Fifty years ago today, President John F. Kennedy was shot and killed in Dallas.
We all know the story of the motorcade and First Lady Kennedy's pink dress, the schoolbook depository and the pathetic assassin with his $26 gun.
But that story spawned millions of others. Almost anyone old enough to remember President Kennedy's death can recall where they were, who they were with and what they were doing the moment they heard the news.
John Cavendish was in Mrs. Wilkinson's sixth period English class at Charleston High School, sitting next to his friend, Carolyn Karp.
About 1:30 p.m, the school's principal came over the intercom and announced President Kennedy had been shot in Dallas.

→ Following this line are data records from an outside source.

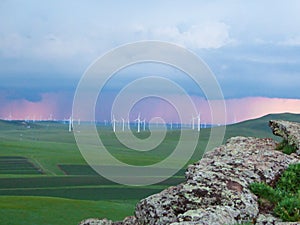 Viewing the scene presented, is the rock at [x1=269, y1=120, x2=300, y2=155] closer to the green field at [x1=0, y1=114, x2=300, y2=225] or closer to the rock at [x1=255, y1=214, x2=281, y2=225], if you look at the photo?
the rock at [x1=255, y1=214, x2=281, y2=225]

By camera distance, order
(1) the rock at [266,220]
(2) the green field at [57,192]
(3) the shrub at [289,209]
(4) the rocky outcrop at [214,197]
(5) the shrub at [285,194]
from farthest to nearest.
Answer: (2) the green field at [57,192] → (5) the shrub at [285,194] → (3) the shrub at [289,209] → (1) the rock at [266,220] → (4) the rocky outcrop at [214,197]

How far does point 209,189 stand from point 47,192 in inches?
1946

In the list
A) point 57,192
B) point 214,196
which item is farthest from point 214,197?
point 57,192

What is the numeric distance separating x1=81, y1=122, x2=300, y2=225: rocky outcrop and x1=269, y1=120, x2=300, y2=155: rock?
2.16m

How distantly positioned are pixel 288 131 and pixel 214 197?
21.8 ft

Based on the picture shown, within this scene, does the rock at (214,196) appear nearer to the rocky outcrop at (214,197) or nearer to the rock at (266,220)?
the rocky outcrop at (214,197)

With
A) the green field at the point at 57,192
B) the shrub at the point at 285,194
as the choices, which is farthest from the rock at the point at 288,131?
the green field at the point at 57,192

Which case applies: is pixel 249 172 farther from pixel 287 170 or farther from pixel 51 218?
pixel 51 218

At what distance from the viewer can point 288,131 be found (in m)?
18.8

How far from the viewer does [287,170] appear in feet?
51.6

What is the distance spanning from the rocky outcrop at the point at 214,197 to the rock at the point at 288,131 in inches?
85.2

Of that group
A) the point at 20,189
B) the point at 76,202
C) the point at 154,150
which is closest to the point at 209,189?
the point at 76,202

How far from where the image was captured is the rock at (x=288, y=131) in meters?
18.4

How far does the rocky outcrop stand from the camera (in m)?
12.5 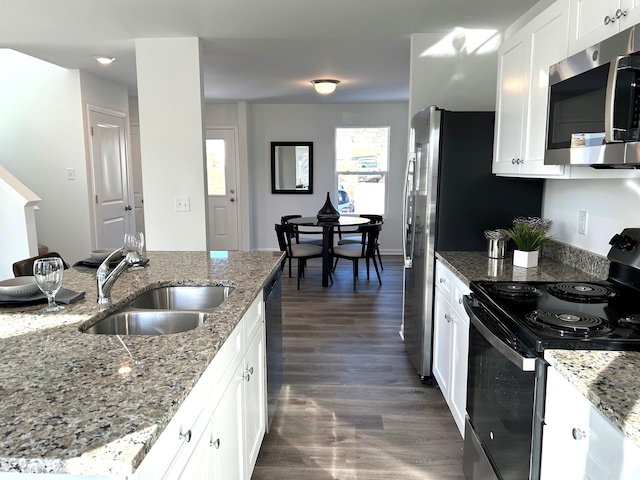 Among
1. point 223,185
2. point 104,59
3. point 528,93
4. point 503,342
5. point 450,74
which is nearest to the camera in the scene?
point 503,342

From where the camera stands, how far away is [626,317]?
1613mm

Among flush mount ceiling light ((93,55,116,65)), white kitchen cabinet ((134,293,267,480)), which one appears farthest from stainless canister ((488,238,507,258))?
flush mount ceiling light ((93,55,116,65))

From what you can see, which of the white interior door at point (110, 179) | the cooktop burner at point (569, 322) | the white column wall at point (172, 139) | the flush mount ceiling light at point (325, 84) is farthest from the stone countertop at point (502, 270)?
the white interior door at point (110, 179)

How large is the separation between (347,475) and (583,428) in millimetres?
1305

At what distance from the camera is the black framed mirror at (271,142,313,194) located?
7738 millimetres

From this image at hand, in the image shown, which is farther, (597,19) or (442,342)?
(442,342)

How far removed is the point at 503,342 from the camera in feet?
5.18

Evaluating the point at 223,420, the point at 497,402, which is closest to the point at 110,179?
the point at 223,420

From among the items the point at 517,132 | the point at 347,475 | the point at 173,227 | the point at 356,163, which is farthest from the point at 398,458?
the point at 356,163

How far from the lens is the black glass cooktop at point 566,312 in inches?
55.4

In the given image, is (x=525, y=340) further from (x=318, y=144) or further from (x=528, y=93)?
(x=318, y=144)

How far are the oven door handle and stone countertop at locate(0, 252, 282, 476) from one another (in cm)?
88

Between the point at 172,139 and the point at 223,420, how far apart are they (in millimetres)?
2944

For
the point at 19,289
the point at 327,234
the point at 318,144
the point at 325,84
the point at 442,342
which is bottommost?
the point at 442,342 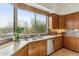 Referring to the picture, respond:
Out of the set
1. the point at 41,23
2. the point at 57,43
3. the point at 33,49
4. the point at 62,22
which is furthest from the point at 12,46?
the point at 62,22

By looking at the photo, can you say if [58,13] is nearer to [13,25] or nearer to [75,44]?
[75,44]

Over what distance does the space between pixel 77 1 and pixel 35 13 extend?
0.66 metres

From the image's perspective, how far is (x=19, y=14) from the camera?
1.43m

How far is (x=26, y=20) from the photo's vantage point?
146cm

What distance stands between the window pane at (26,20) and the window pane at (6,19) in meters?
0.13

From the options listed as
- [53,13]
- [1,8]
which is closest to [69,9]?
[53,13]

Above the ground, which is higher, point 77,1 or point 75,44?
point 77,1

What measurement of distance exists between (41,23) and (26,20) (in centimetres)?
24

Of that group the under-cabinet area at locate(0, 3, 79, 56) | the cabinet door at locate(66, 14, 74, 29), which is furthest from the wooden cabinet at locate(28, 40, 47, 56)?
the cabinet door at locate(66, 14, 74, 29)

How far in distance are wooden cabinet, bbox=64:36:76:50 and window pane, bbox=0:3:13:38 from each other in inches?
35.6

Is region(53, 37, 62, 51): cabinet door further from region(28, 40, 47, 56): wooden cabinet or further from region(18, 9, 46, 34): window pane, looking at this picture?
region(18, 9, 46, 34): window pane

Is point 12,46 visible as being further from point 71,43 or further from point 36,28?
point 71,43

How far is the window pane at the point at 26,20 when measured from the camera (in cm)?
143

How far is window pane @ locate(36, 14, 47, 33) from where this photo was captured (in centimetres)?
149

Carolyn immediately began weeping as the class sat waiting for more information. None came, but a short time later Cavendish received a message. His station manager at WKNA needed him to come to the radio station and help with coverage of the assassination.
Cavendish's voice had changed when he was 12, giving him a rich baritone, and for the last several months he had worked as an announcer for "The Jazz Band Ball" on WKNA, a classical and jazz music station in South Charleston.

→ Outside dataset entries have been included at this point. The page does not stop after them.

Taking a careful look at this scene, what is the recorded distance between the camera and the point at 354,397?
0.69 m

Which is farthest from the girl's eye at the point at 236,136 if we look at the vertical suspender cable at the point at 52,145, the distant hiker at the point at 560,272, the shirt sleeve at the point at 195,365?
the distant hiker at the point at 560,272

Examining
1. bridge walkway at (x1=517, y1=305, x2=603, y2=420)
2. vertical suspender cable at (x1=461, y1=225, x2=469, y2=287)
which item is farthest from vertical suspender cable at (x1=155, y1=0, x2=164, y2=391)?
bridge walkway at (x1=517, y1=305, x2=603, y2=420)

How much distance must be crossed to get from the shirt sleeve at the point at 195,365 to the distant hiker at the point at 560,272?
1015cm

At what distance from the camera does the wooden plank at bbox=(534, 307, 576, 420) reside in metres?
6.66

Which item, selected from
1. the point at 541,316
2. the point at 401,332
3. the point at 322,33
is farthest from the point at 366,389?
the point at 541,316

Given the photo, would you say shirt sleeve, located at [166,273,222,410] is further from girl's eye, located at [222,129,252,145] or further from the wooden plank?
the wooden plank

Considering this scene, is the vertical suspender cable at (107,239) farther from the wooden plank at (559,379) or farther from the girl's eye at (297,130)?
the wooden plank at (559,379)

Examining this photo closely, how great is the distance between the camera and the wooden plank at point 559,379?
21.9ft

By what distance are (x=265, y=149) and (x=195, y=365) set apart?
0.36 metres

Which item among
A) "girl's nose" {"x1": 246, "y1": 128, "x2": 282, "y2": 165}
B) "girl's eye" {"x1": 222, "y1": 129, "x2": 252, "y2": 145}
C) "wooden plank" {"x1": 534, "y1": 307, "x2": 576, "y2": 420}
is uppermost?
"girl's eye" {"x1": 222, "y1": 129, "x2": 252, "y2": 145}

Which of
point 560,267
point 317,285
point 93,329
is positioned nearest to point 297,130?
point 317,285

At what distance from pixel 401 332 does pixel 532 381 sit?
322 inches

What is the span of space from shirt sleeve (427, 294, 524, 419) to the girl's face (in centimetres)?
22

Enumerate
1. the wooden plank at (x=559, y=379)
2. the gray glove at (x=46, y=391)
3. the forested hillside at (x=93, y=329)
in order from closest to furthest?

He was too young to drive and usually rode his bike to work. This day, his mother came to the school and drove him to the radio station.
When he arrived at the squat cinderblock building, his bosses led Cavendish to a small room near the back of the station where they kept the Associated Press and United Press International wire service machines.

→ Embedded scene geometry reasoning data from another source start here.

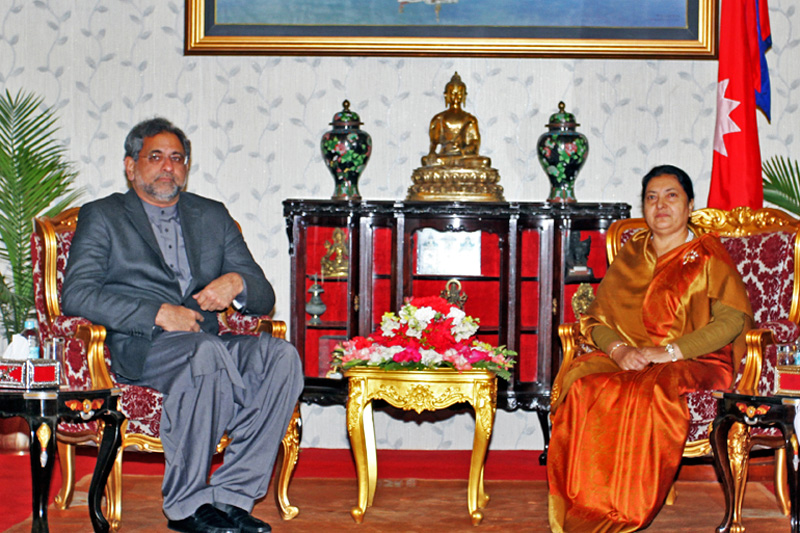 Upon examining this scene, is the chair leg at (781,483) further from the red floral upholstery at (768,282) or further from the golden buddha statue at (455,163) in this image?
the golden buddha statue at (455,163)

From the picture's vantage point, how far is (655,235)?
3.96 metres

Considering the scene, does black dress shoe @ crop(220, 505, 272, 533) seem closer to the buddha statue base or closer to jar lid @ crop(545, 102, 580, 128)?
the buddha statue base

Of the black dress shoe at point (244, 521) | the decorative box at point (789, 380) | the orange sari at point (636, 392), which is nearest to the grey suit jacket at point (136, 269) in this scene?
the black dress shoe at point (244, 521)

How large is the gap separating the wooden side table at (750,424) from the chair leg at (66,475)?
2549 mm

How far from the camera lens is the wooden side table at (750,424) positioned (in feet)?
10.4

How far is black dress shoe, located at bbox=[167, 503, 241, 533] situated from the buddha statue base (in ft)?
7.10

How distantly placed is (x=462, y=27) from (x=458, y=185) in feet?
3.29

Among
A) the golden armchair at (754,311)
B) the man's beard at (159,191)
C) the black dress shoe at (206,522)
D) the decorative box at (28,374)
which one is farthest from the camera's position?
the man's beard at (159,191)

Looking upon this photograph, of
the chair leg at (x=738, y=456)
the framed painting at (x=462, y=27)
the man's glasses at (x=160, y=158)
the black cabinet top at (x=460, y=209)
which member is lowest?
the chair leg at (x=738, y=456)

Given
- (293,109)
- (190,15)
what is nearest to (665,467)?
(293,109)

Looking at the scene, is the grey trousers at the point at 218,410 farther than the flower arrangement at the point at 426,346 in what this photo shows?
No

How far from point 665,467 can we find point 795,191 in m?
2.27

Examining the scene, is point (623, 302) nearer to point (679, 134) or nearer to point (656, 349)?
point (656, 349)

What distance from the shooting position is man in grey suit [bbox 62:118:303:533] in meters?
3.33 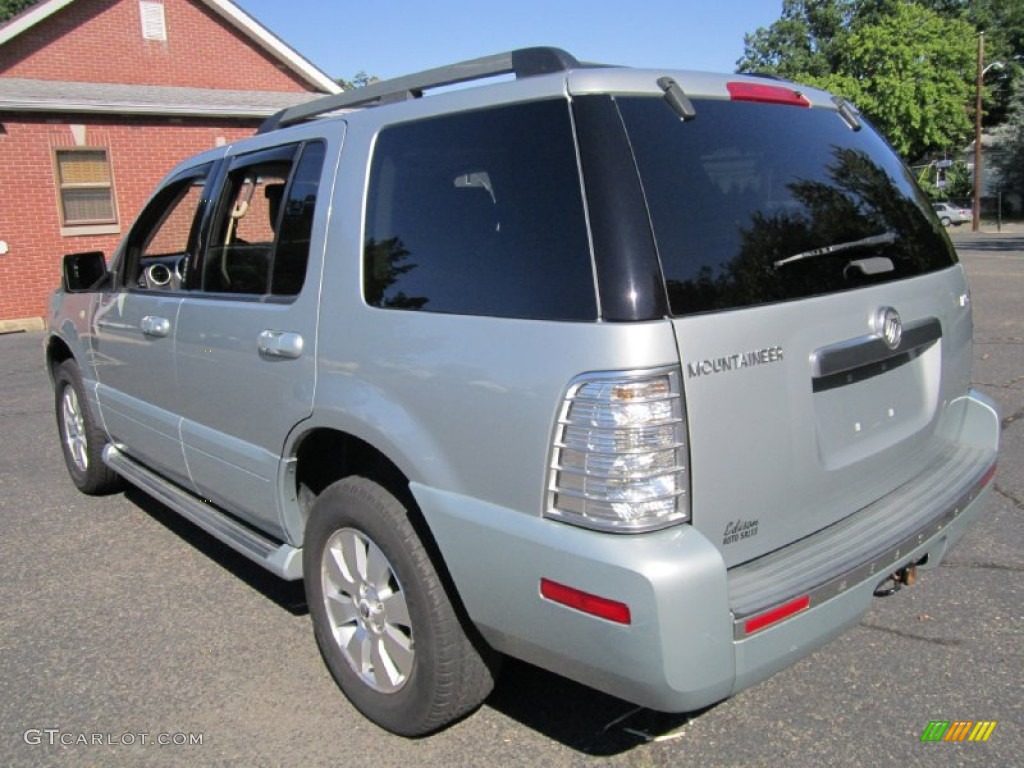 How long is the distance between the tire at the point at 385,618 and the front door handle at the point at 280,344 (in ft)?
1.59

In the days before the Internet, national news was transmitted to newspapers, television studios and radio stations via Teletype machines, a kind of automated typewriter that banged out stories on long rolls of yellow paper.
The station had run a 75-foot microphone cable to the small room, where Cavendish was plopped in a chair alongside a big Shure microphone.
As each new story came across the wire, Cavendish ripped it from the machine and read it on the air.
"I read dozens of articles. Nobody knew what was going on. It was various accountings of what happened. It was sketchy at best," Cavendish remembers.
Details of the assassination were scarce. Journalists in Dallas were reporting the shooting death of a local police officer, but authorities hadn't yet apprehended Lee Harvey Oswald.
He remained in the tiny room for four hours, turning over the microphone to another announcer about 6 p.m. But Cavendish was back at the station the next day and for the rest of the weekend, helping broadcast the news of Oswald's arrest and his assassination, President Kennedy's funeral and the beginnings of President Lyndon B. Johnson's administration.
"I was just a kid and didn't have anything else to do. I didn't know up from down at that point," he said. "I just had a deep voice."
Patti Barnhart Price was a senior at Scott High School in Madison, Boone County. She was editor-in-chief of the yearbook, and was heading to the yearbook office for her final class of the day.
She was in the hallway when she heard the principal's announcement.
"We just went into the yearbook office, and we sat there," she said.
Price had met Kennedy during his 1960 presidential campaign, during a stop at the Boone County Courthouse.